Importance of the Cost Concept:
The cost concept is important because it ensures that financial statements provide reliable and relevant information about an entity's financial position. By recording assets at their historical cost, the cost concept prevents overstatement or understatement of assets and helps in determining the true economic value of the company's resources.
Implications of Violating the Cost Concept:
When the cost concept is violated, it can lead to misleading financial statements. In this case, by valuing the machinery at its market value instead of its historical cost, the company is inflating the value of its assets on the balance sheet. This can give the impression that the company's financial position is stronger than it actually is.

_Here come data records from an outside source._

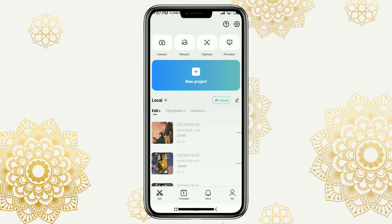Hi everyone. Welcome to my simple channel. In this video, I will discuss how to import and use TikTok songs in the CapCut video editing app, 100% successful without copyright problems.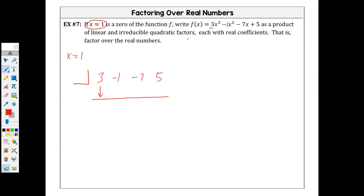Okay, so here we go — synthetic division. x equals 1. If we were in factored form, it would lead us here, but we're not in factored form; they gave us straight up what our zero is. So we're going to do this again. We set up with our coefficients and constants.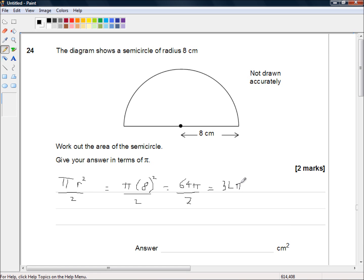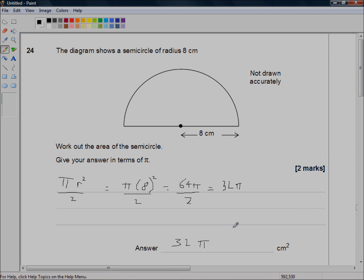Since we want our answer in terms of pi, the answer is 32 pi centimeters squared. Hope that was helpful and I'll see you in the next video.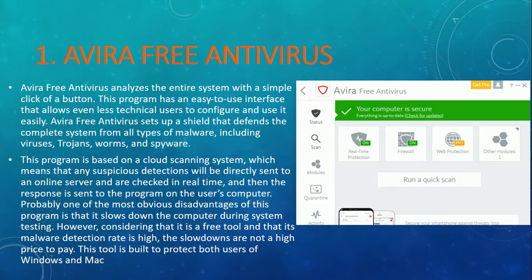Some people say that Mac computers don't require extra security because they have inbuilt security, but that's not true. Mac computers can also get security breaches if you don't have the right protection. So if you're a Mac user, I would suggest having some extra protection to avoid these threats and keep yourself secure. Thank you so much for watching. If you like the video, please subscribe to the channel and share it with others. Thank you.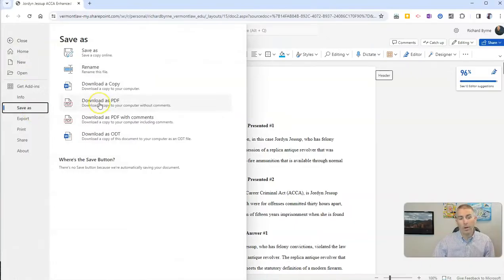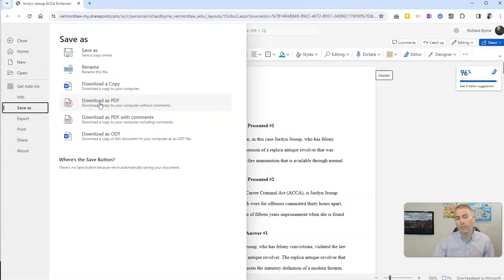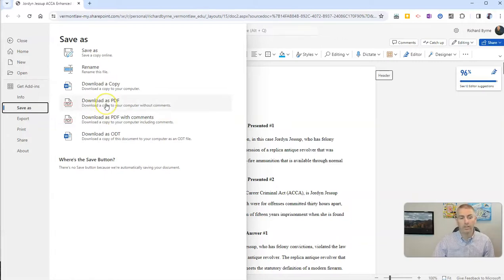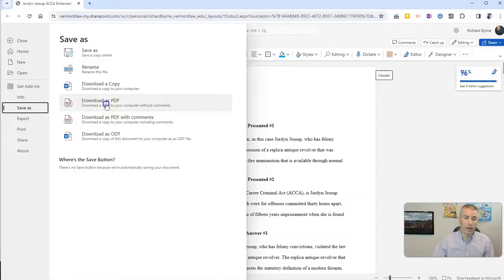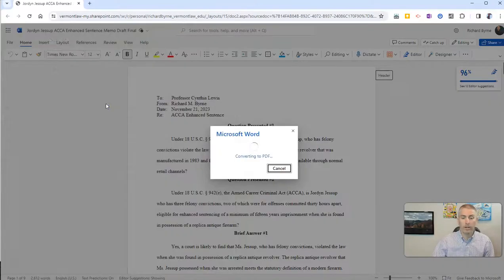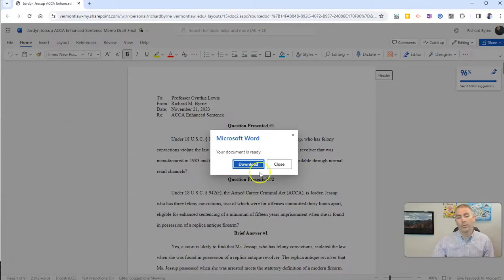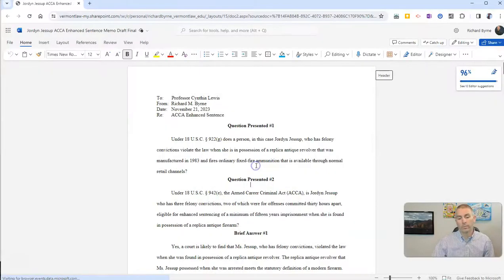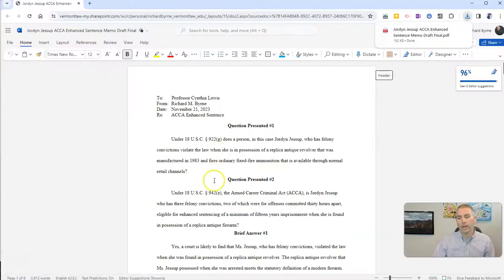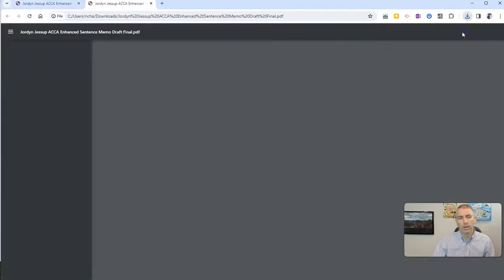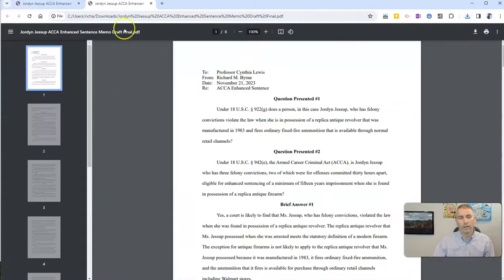and I'm going to Download as PDF. Now, if I have comments in it, I have the option to Download with Comments. In this case, I'm just going to Download as a PDF, and we're going to see, now we can download that as a PDF, and there it is in PDF.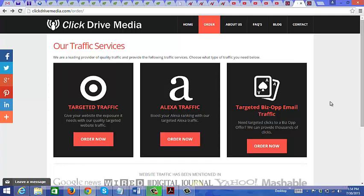As you can see here, we have three different options that you can choose when it comes to buying traffic from them. You could buy targeted traffic, Alexa traffic, or targeted biz op email traffic. This is actually what I would recommend, the third one, targeted biz op email traffic, just because I do know people that are using this option successfully.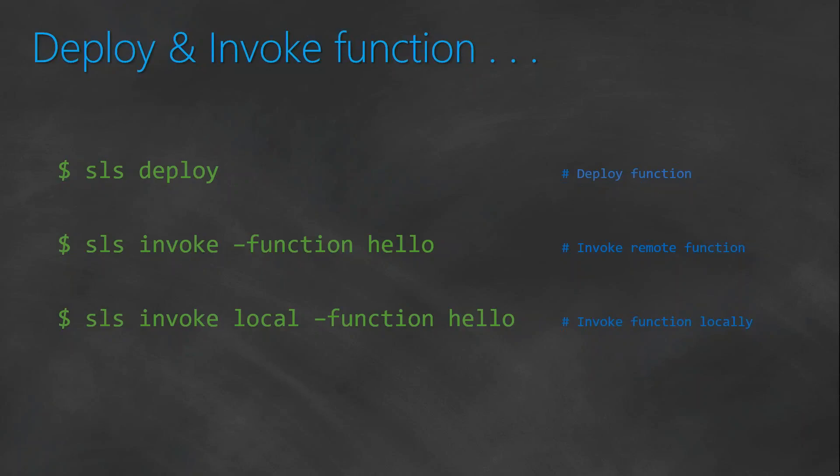The other command we are going to use is the invoke command to check whether our function has been deployed properly. And we can also invoke the function locally to do some testing. So let us see how we can do that from our terminal now.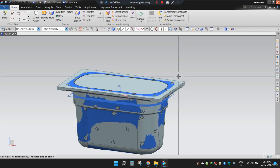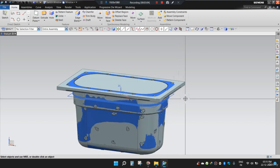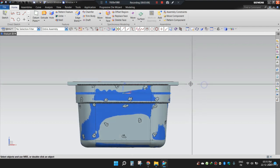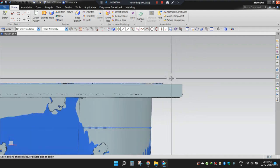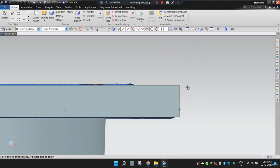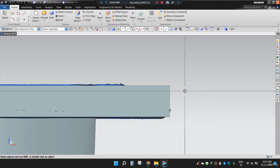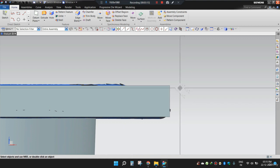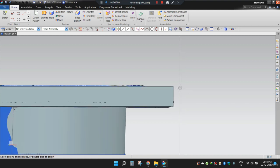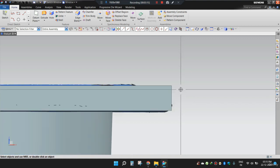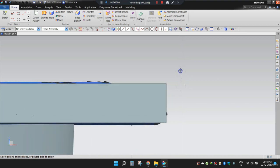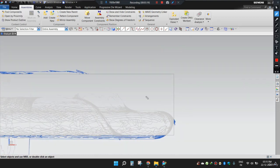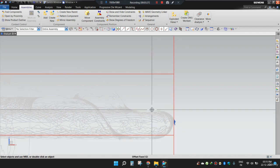But before that, let me show you something. Now if I see the box from the front side, I will observe that this top portion is made in two parts. Here. That means I have to split the body at this plane. So let's do this first and then apply blend.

Effect on Financial Statements:
The violation of the cost concept would impact the balance sheet and the income statement.
Balance Sheet:
- The machinery would be overstated on the balance sheet at Rs. 12 lakhs instead of its historical cost of Rs. 10 lakhs.
- This would lead to an overstatement of the company's total assets, which can affect various financial ratios and indicators of financial health.
Income Statement:
- The violation of the cost concept does not directly impact the income statement.

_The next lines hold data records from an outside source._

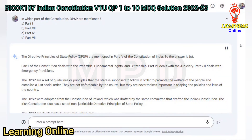The Directive Principles of State Policy, DPSP, are mentioned in Part 4 of the Constitution of India. So the answer is C. Part 1 of the Constitution deals with the preamble, fundamental rights, and citizenship. Part 7 deals with the judiciary. Part 8 deals with emergency provisions.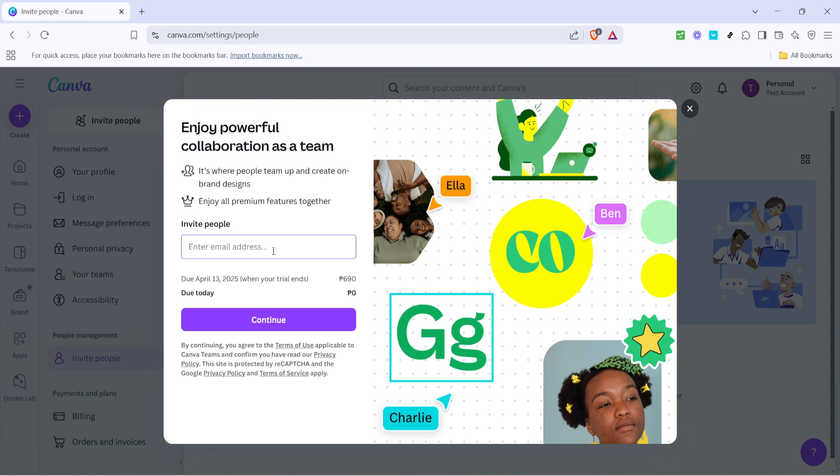Once you've entered all necessary emails, you're ready to move on. Look for a button labeled Continue. Click on it to proceed with sending out your invitations. This action finalizes your request to add these users to your Canva environment, enabling them to begin contributing to your projects almost immediately.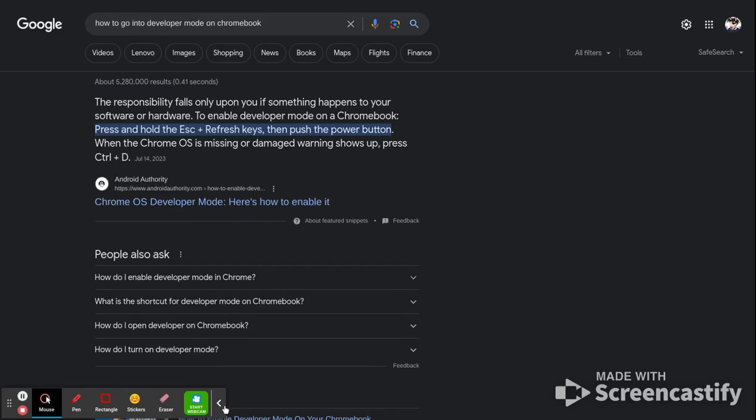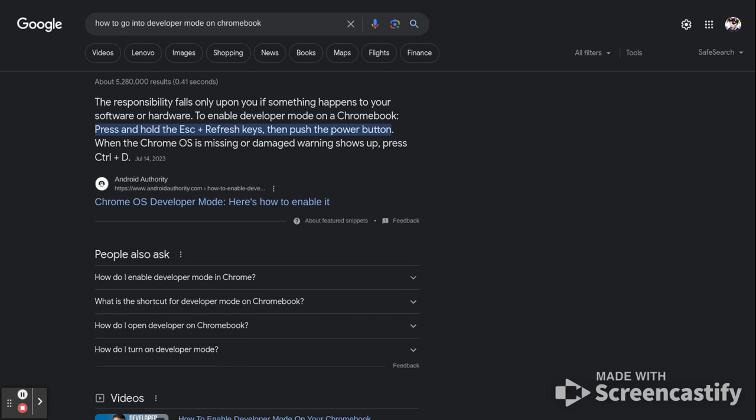Yo, what is going on guys? Today I'll be showing you guys how to download Snapchat on your Chromebook. I know this is a different kind of video, but who cares? I think it's a pretty good idea.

- However, if the machinery is sold in the future, the company may recognize a gain or loss based on the historical cost of Rs. 10 lakhs, not the market value of Rs. 12 lakhs.
Conclusion:
The cost concept is violated when Guru Ltd. values the machinery at its market value of Rs. 12 lakhs instead of its historical cost of Rs. 10 lakhs. This violation can lead to misleading financial statements and impact the company's overall financial position.